Exercise
Copy, word for word, the lines below from the one containing "Full Body Deodorant" up to and including the one containing "Dolce & Gabbana", with pictures left out.

>>>>>

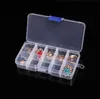 10 Grids Jewelry Storage Box Plastic Clear Display Case Organizer Holder for Beads Ring Earrings Jewelry SN6445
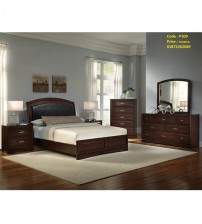Wooden Bedroom set P309 (Bed, Side Table, Dressing Table, Wardrobe)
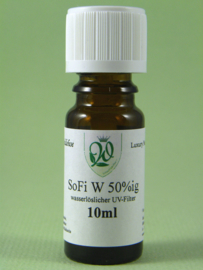 Sofi W 50% 10ml INCI: Phenylbenzimidazole sulfonic acid and tromethamine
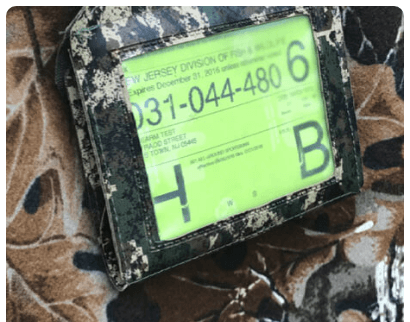 NJ Hunting License Information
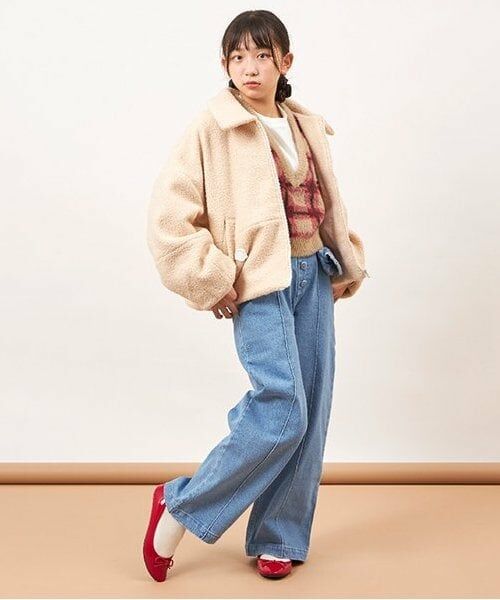 KP / ケーピー ブルゾン | troislapins(トロワラパン)ブークレーブルゾン(140～160) | 詳細1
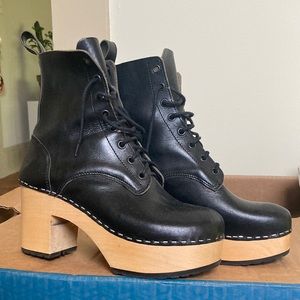 Swedish Hasbeens lace up boots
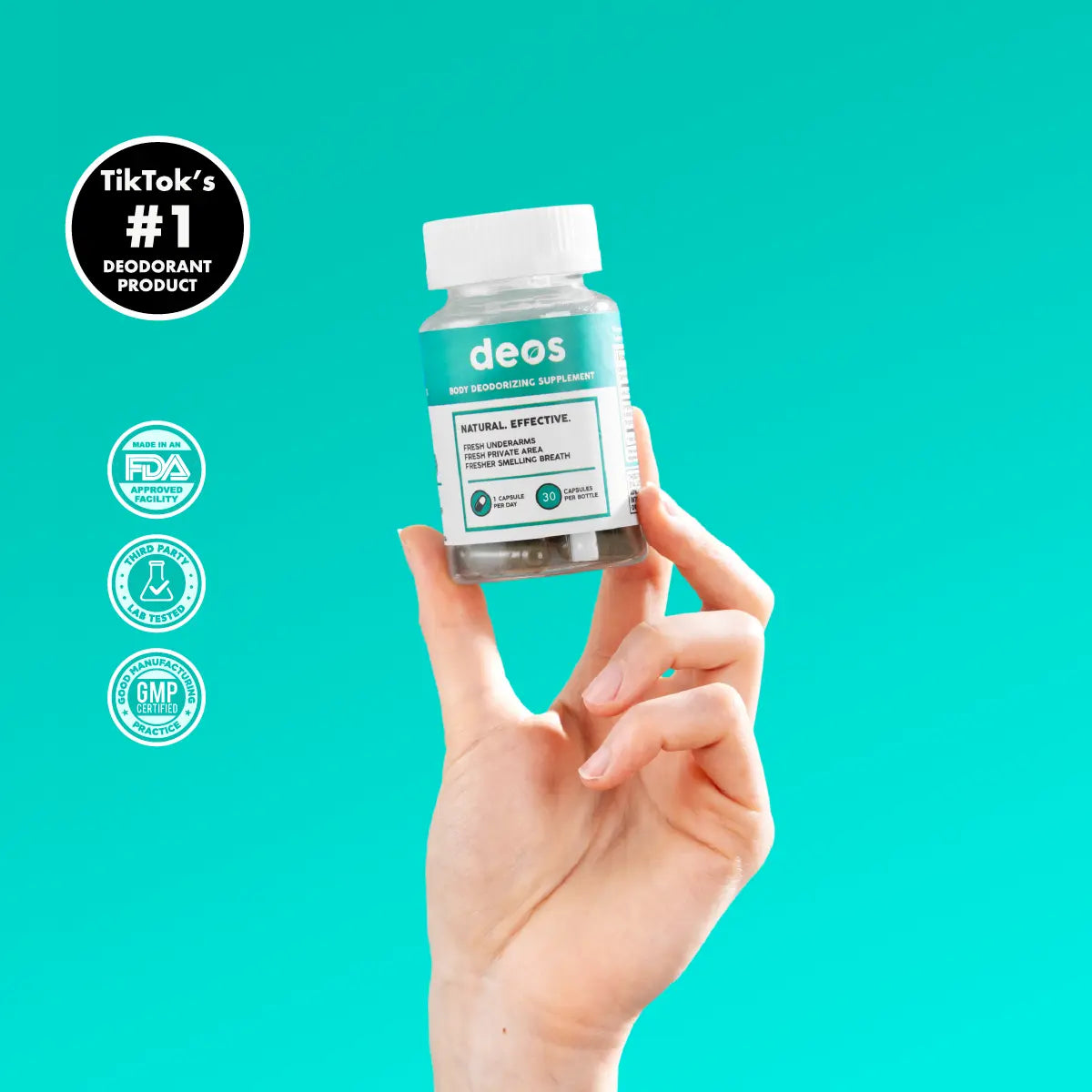Full Body Deodorant Supplement | DEOS Internal Deodorant Full Body | Multi Pack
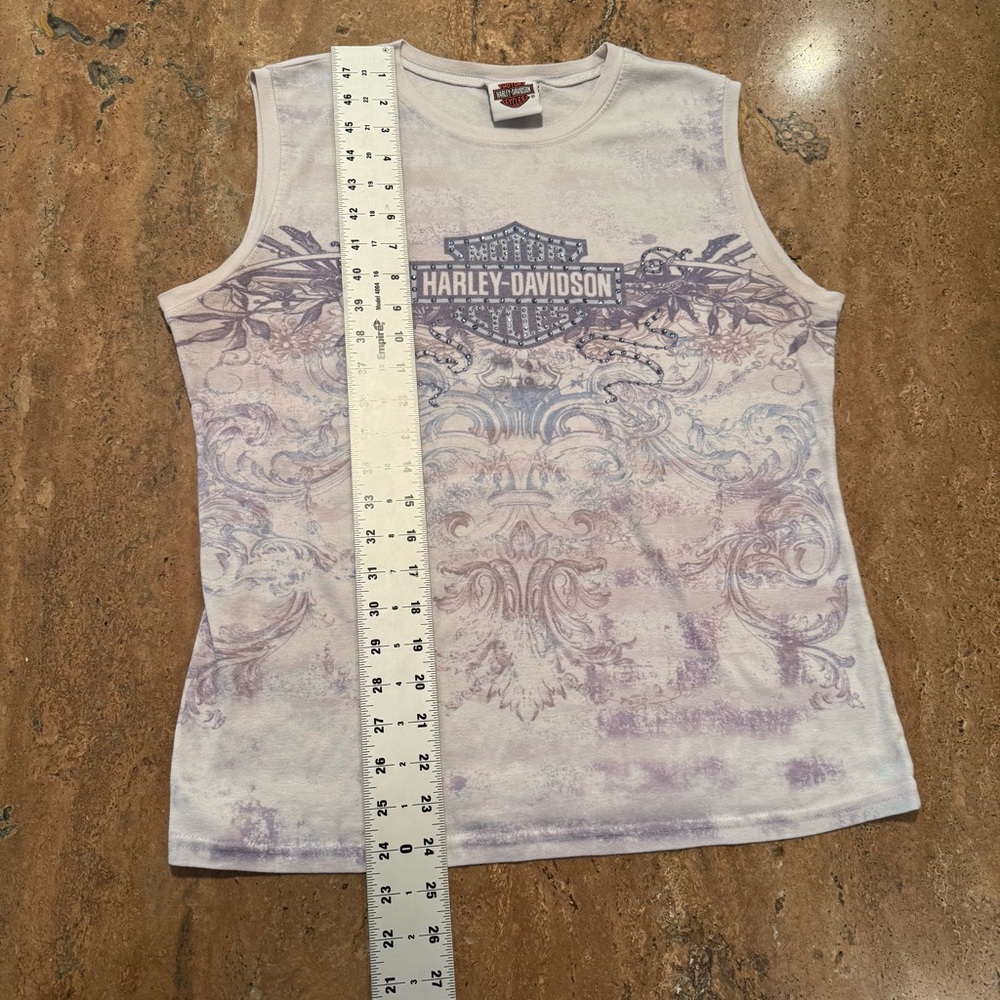 Harley-Davidson House of Harley Davidson Milwaukee USA Sleeveless Top WOMENS XL - Picture 11 of 11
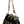 Dolce & Gabbana Black Tassel Gold Baroque Crystal Evening Clutch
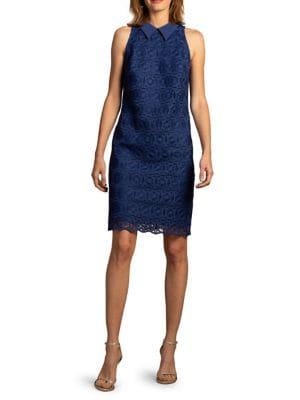 Trina Turk Cats Cradle Sleeveless Lace Dress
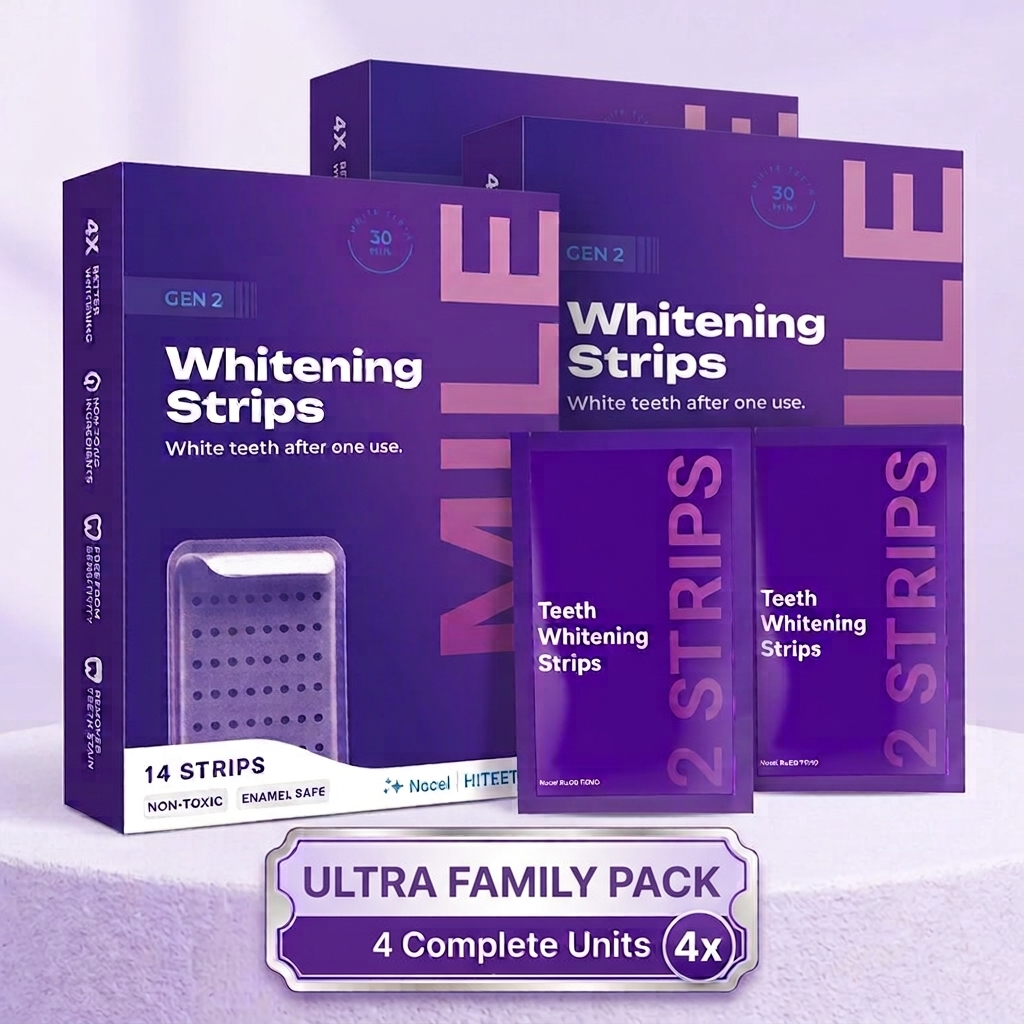Purple Teeth Whitening Strips — Gen 2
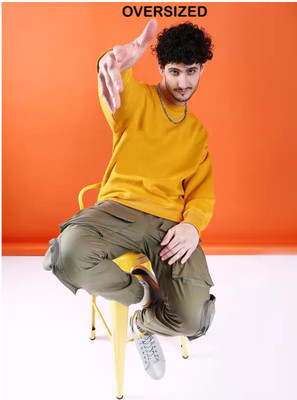 FARROWX Full Sleeve Solid Men Sweatshirt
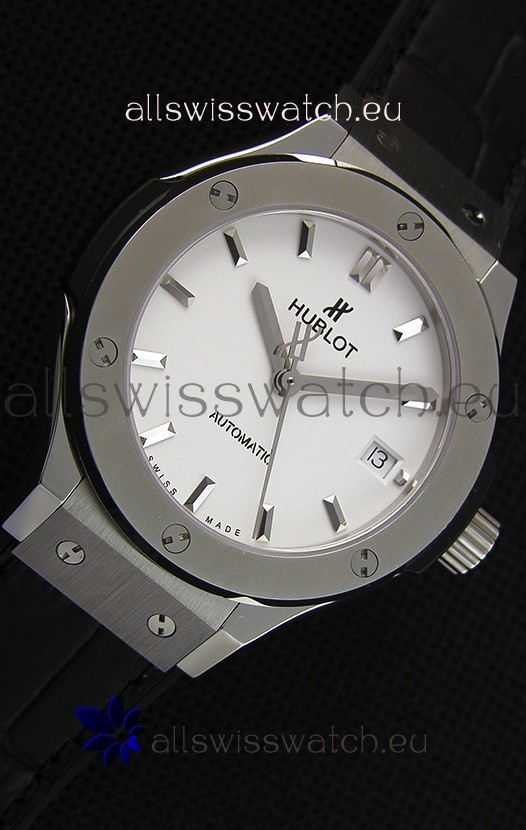 IMG_9081 Hublot Big Bang Classic Fusion 38MM 1:1 Mirror White Dial Replica 7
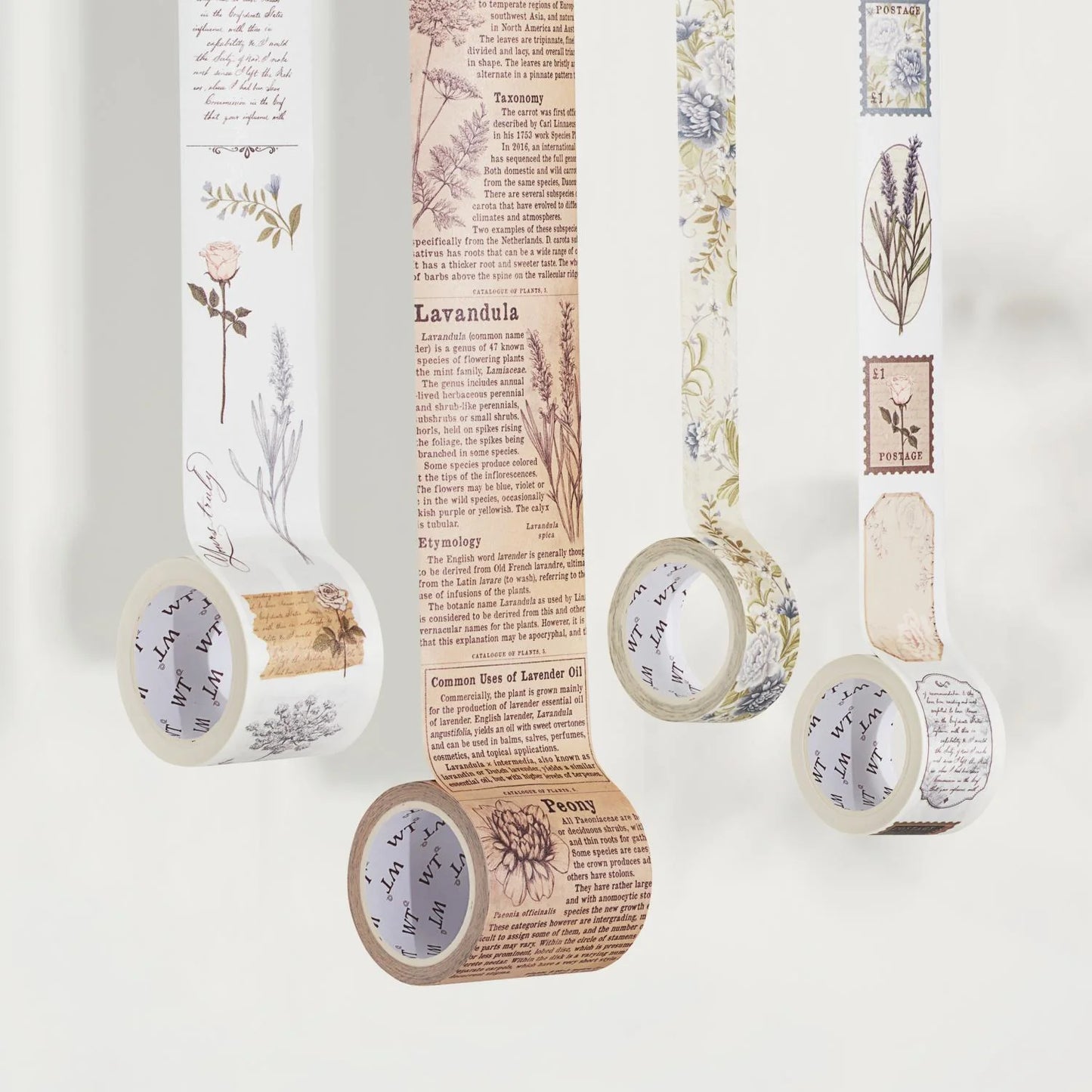 WT - Petals & Parchment Washi Tape Sticker Set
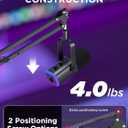 InnoGear Microphone Stand Mic Boom Arm for Blue Yeti HyperX QuadCast S SoloCast Snowball Fifine K669B and other Mic, with Shock Mount Windscreen Pop Filter Mic Clip Holder Cable Ties, Large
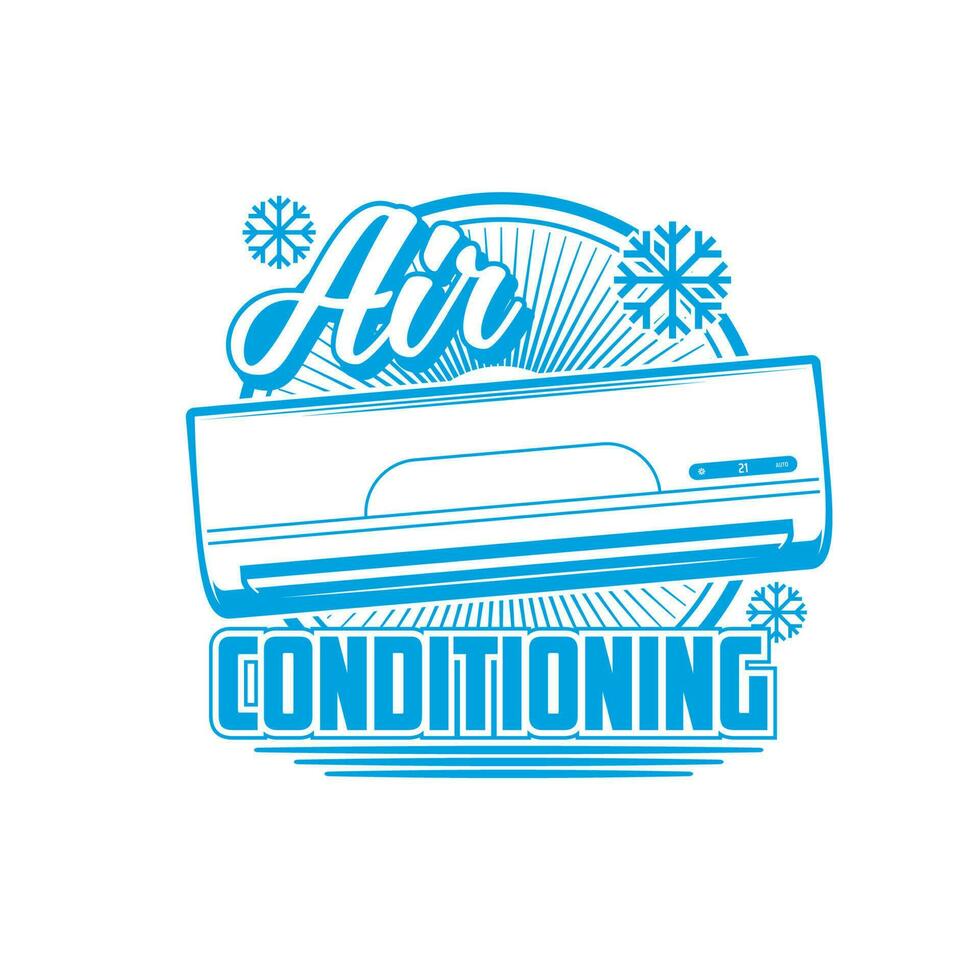 Air conditioner, ventilation cooling split system vector
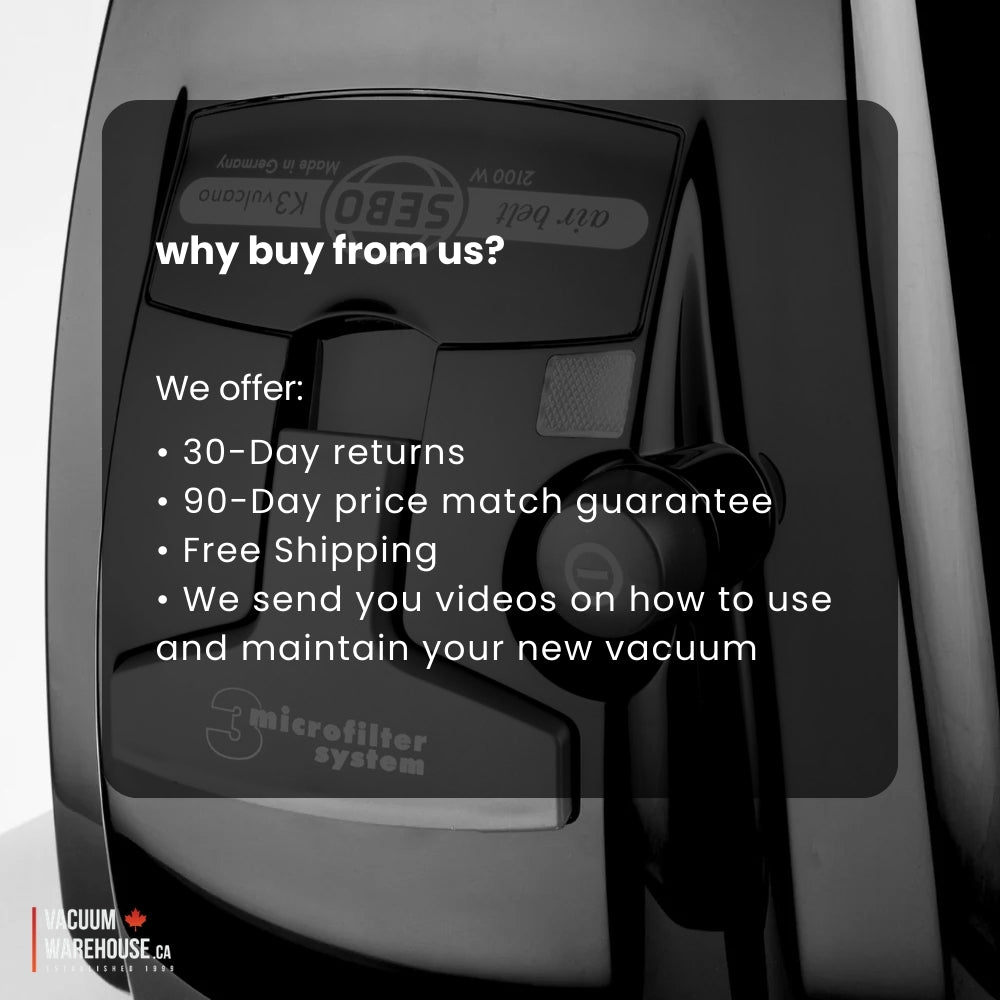 Sebo Airbelt K2 Turbo Canister Vacuum Onyx Black Color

<<<<<

Written solution
Full Body Deodorant Supplement | DEOS Internal Deodorant Full Body | Multi Pack
 Harley-Davidson House of Harley Davidson Milwaukee USA Sleeveless Top WOMENS XL - Picture 11 of 11
 Dolce & Gabbana Black Tassel Gold Baroque Crystal Evening Clutch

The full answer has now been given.